▶ **Excerpted records**:

/---

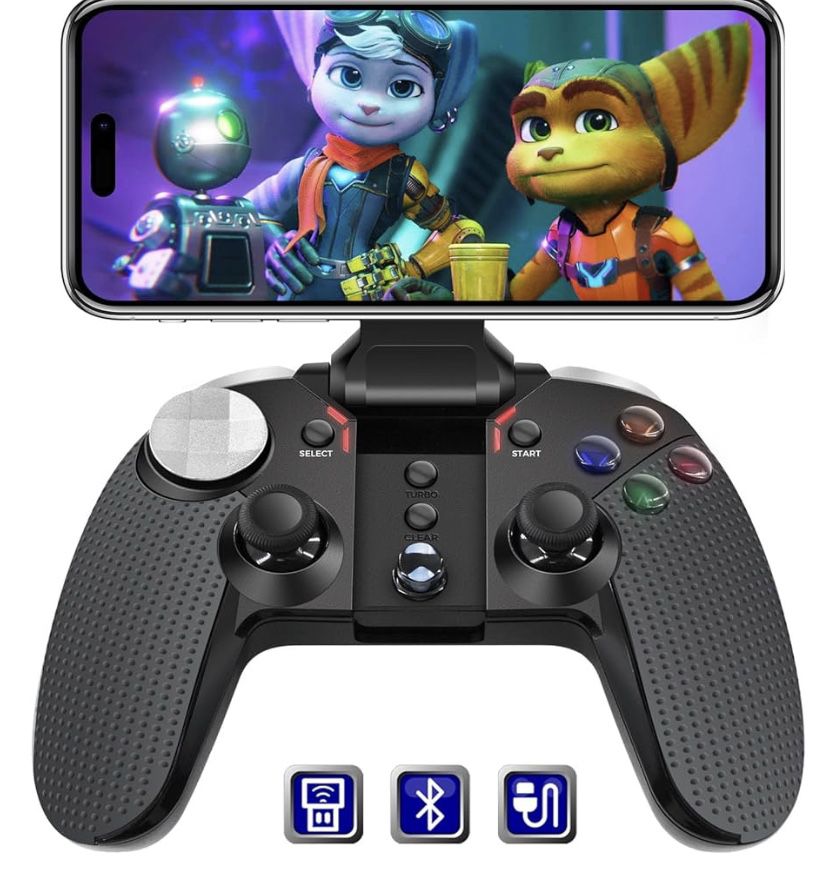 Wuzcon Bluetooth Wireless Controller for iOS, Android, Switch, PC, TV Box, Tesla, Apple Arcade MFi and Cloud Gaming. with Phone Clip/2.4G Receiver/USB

\---
/---

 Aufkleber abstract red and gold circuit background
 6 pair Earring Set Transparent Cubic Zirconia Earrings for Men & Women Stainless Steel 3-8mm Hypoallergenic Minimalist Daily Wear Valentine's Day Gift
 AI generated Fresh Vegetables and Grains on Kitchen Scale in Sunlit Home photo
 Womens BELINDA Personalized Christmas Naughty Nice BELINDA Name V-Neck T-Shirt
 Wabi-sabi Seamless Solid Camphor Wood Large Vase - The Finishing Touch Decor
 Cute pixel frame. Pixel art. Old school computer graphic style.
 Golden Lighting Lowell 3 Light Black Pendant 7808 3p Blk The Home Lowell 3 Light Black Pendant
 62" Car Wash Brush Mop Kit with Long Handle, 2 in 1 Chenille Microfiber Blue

\---
/---

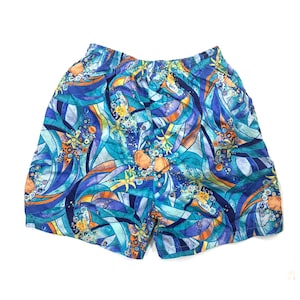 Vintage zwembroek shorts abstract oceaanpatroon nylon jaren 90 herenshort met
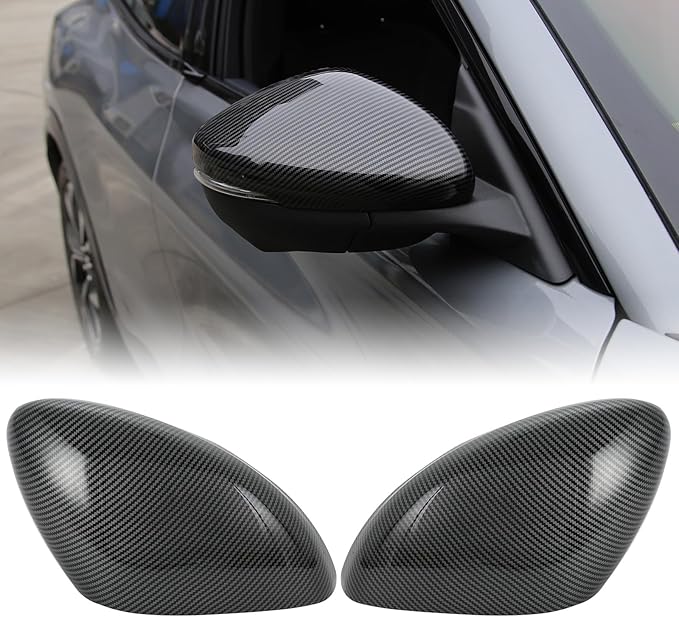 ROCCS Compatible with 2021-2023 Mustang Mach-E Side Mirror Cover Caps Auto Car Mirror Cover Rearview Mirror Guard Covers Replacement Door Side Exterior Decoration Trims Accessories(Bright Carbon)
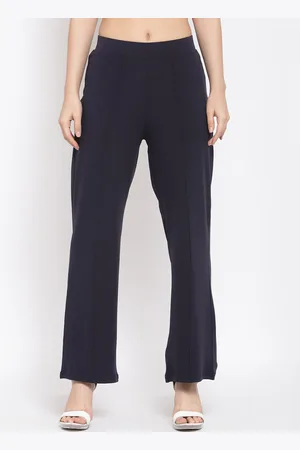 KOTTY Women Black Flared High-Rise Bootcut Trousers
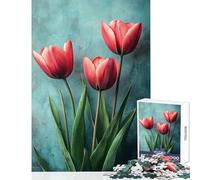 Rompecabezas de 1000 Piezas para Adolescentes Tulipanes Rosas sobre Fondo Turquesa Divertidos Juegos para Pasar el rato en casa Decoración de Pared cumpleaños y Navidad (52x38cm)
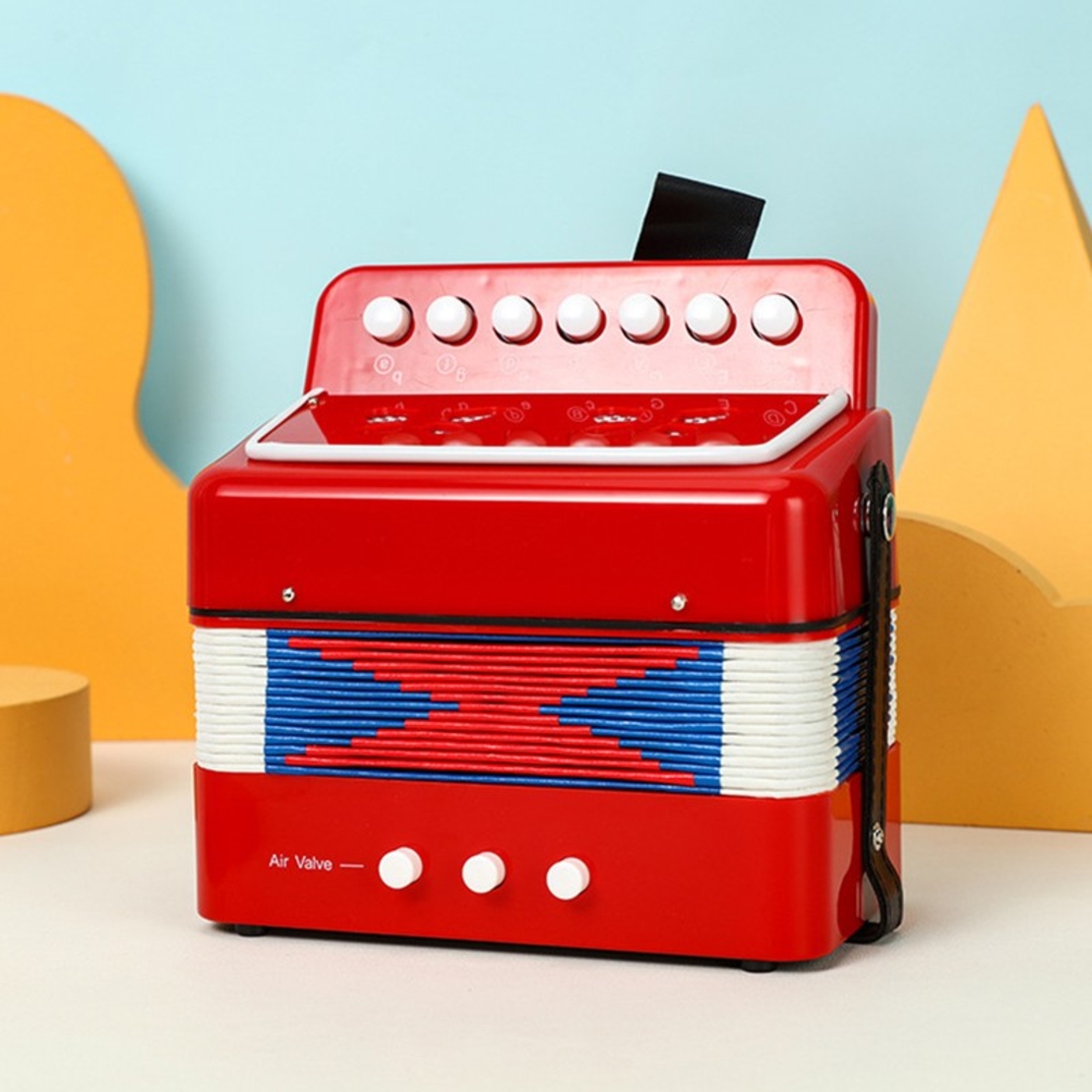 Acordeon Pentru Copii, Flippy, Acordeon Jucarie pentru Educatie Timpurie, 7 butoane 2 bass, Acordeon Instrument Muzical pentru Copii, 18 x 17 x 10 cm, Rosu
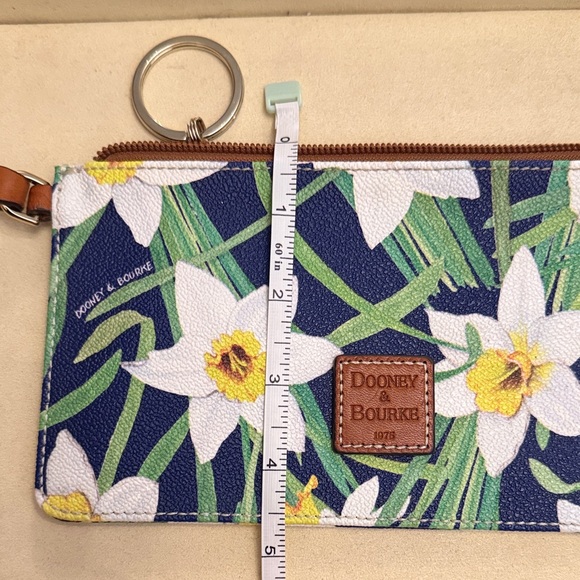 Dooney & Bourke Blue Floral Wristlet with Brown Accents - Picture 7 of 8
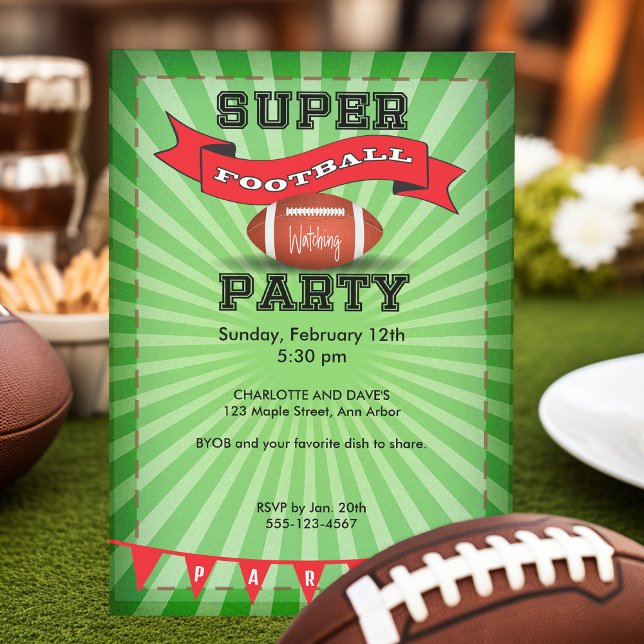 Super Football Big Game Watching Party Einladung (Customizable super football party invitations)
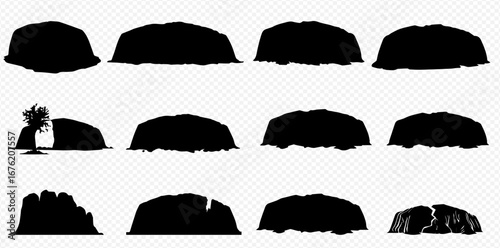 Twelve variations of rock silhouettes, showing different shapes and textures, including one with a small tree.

\---

▶ **Problem details**: Run a filter over the data above and keep each line that contains the word "Home".

▶ **Answer space**:
 AI generated Fresh Vegetables and Grains on Kitchen Scale in Sunlit Home photo
 Golden Lighting Lowell 3 Light Black Pendant 7808 3p Blk The Home Lowell 3 Light Black Pendant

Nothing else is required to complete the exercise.